### EXERCISE REQUIREMENTS
Look through the listing below for the line with "Николаевщину посетили иностранные" and the line with "пейзаж, лес в тумане, темные". Copy both, along with every line between them, exactly and with no pictures.

### EXTRACTED DATA
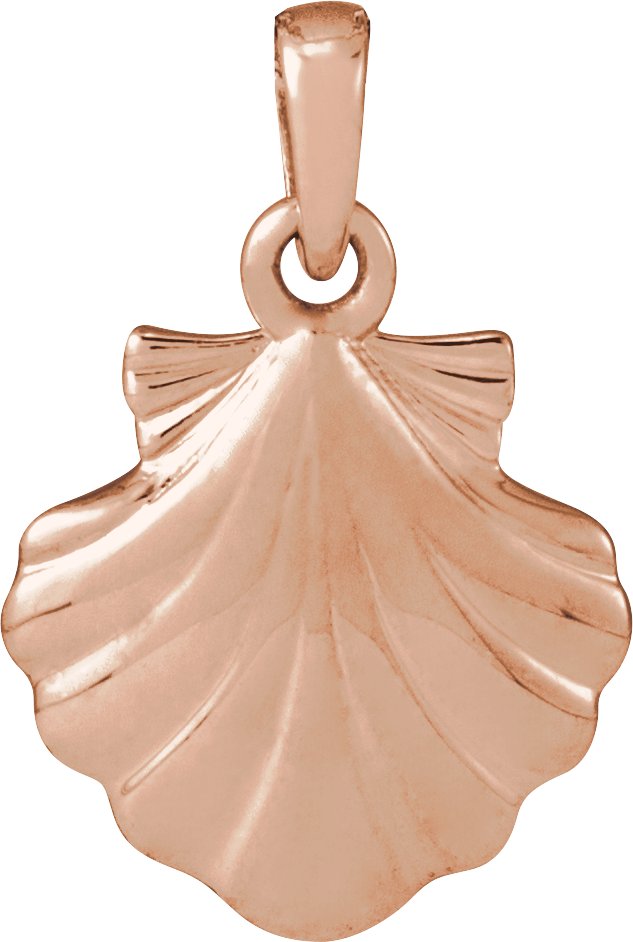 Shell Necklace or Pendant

...

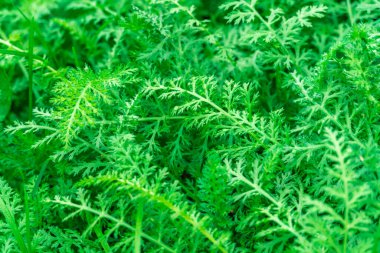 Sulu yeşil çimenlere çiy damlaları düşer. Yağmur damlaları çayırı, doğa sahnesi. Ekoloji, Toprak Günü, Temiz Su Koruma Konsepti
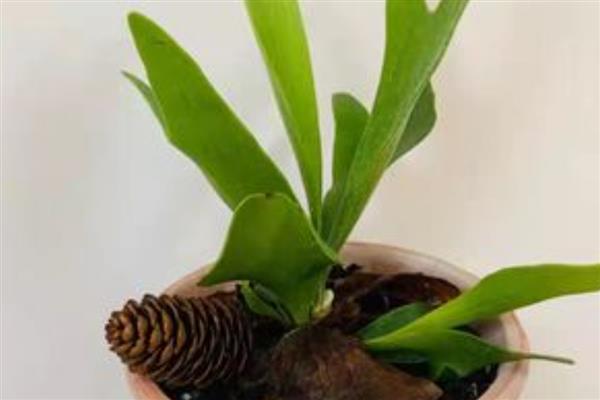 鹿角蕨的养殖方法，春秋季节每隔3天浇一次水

---

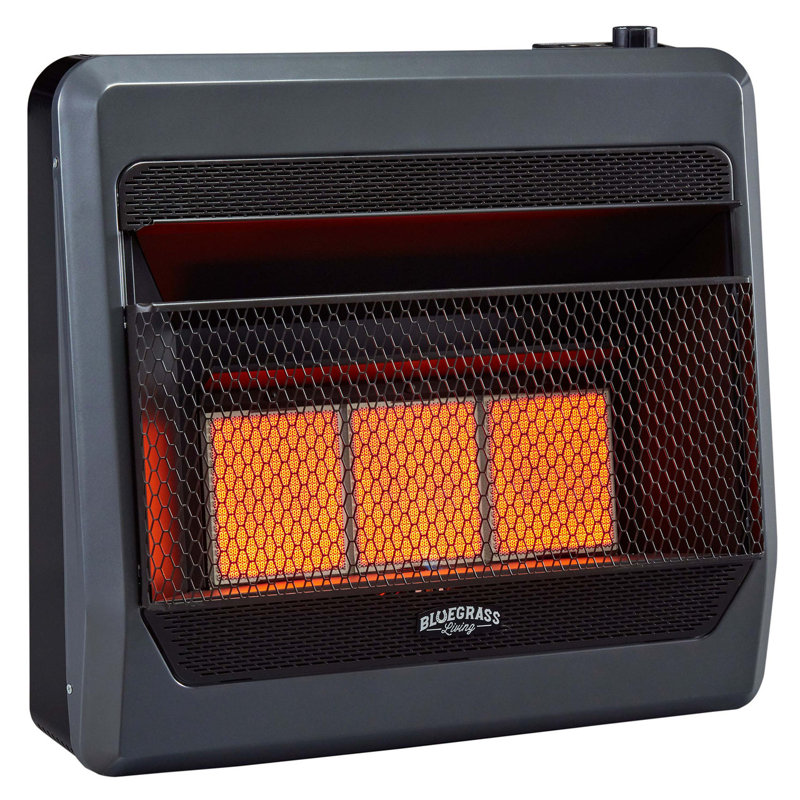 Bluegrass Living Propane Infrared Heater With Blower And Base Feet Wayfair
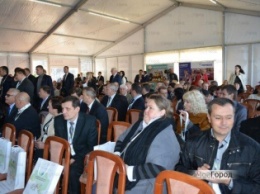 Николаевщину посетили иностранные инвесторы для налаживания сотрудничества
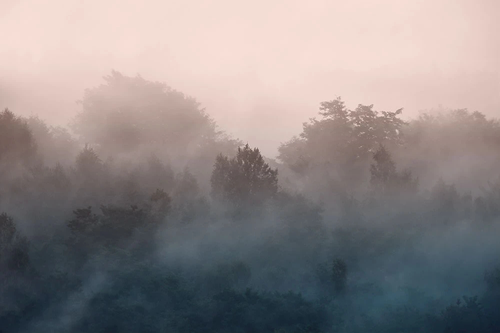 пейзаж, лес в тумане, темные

### TASK RESPONSE
 Николаевщину посетили иностранные инвесторы для налаживания сотрудничества
 пейзаж, лес в тумане, темные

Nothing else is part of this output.